= Alexandra Braun (legal scholar) =

Italian legal scholar

Alexandra Braun is an Italian legal scholar based at the University of Edinburgh, where she is Lord President Reid Professor of Law at Edinburgh Law School. She was previously Professor of Comparative Private Law at the University of Oxford.

== Biography ==
Braun graduated from the University of Genoa with a Bachelor of Arts degree and was subsequently awarded a Master of Law degree at the same place. She then completed a doctorate in comparative private law at the University of Trento. She was a supernumerary teaching fellow and Junior Research Fellow at St John's College, Oxford, before taking up a post in 2010 as Fellow at Lady Margaret Hall and a Research Fellow at the University of Oxford's Institute of European and Comparative Law, where she was the deputy director from 2014 to 2017. In 2016, the University of Oxford awarded her the title of Professor of Comparative Private Law.
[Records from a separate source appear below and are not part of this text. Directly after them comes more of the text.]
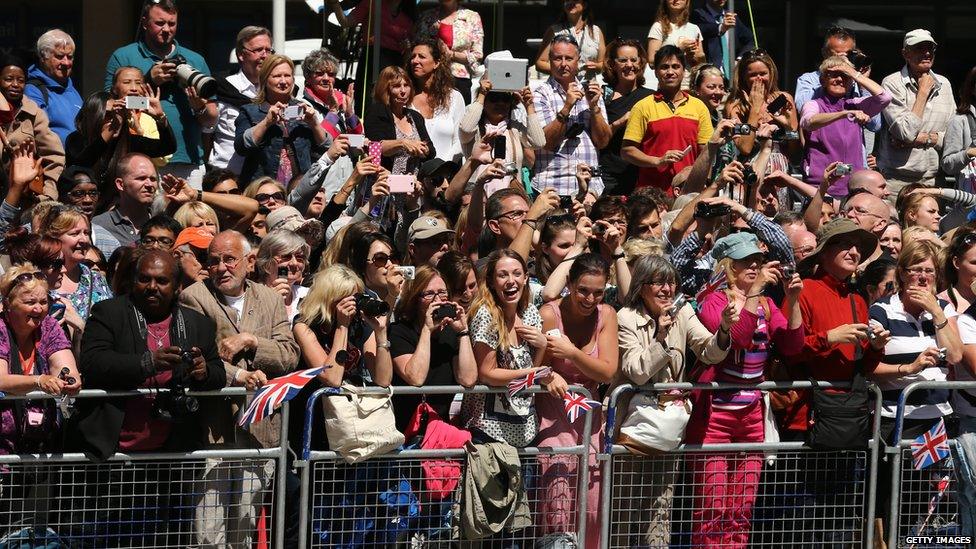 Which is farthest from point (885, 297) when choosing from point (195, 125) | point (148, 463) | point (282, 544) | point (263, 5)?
point (263, 5)

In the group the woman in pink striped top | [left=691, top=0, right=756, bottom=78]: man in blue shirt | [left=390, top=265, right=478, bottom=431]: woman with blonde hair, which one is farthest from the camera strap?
[left=691, top=0, right=756, bottom=78]: man in blue shirt

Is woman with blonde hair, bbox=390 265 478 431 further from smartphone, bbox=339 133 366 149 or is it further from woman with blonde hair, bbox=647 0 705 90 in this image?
woman with blonde hair, bbox=647 0 705 90

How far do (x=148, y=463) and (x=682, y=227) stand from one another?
10.8ft

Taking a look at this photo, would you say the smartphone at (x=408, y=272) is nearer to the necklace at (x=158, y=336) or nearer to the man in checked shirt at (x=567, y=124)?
the necklace at (x=158, y=336)

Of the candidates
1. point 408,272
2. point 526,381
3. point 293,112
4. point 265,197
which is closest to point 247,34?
point 293,112

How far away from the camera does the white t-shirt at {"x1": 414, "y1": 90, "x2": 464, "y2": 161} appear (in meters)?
9.73

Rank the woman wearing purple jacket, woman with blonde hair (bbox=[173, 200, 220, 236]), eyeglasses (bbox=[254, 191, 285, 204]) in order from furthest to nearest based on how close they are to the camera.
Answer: the woman wearing purple jacket
eyeglasses (bbox=[254, 191, 285, 204])
woman with blonde hair (bbox=[173, 200, 220, 236])

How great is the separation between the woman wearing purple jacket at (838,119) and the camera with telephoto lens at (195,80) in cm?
395

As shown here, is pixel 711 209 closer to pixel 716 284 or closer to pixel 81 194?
pixel 716 284

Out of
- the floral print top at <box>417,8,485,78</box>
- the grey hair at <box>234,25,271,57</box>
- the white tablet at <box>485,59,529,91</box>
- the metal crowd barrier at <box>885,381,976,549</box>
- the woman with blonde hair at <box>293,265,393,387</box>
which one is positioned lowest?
the metal crowd barrier at <box>885,381,976,549</box>

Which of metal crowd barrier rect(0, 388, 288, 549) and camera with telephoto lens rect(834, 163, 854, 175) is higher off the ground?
camera with telephoto lens rect(834, 163, 854, 175)

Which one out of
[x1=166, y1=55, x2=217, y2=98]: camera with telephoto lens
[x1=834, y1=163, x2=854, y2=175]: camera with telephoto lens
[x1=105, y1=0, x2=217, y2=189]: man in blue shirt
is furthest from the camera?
[x1=105, y1=0, x2=217, y2=189]: man in blue shirt

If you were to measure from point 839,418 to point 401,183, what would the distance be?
2.92 m

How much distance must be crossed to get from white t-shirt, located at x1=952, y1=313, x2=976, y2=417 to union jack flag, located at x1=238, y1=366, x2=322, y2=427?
3167 millimetres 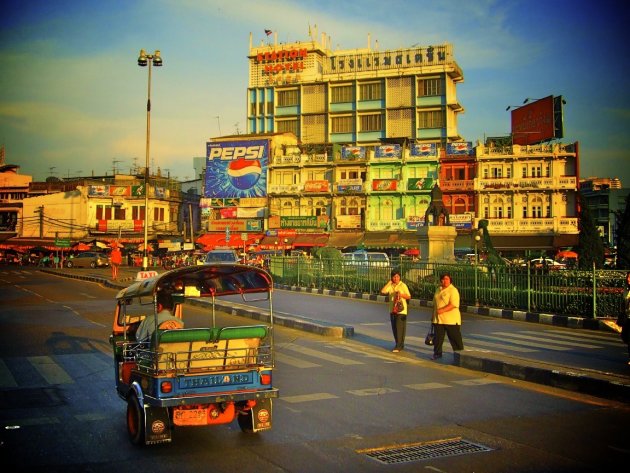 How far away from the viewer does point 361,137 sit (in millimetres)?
80625

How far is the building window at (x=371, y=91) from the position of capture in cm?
8038

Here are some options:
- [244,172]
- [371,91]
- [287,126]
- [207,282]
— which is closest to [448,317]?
[207,282]

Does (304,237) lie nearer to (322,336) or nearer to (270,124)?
(270,124)

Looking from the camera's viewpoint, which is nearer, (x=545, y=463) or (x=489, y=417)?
(x=545, y=463)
In August 2017, Braun became the Lord President Reid Professor of Law at Edinburgh Law School, University of Edinburgh).

== Works ==
Her published works include:

- (edited with A. Röthel), Passing Wealth on Death: Will-Substitutes in Comparative Perspective (Oxford: Hart Publishing, 2016).
- Giudici e Accademia nell'Esperienza Inglese (Mulino, 2006).
- (edited with M. Dogliotti), Il Trust nel Diritto delle Persone e della Famiglia (Milan: Giuffré, 2003).
- Dalla Disgrazia al Danno (Giuffre Editore Milano, 2002).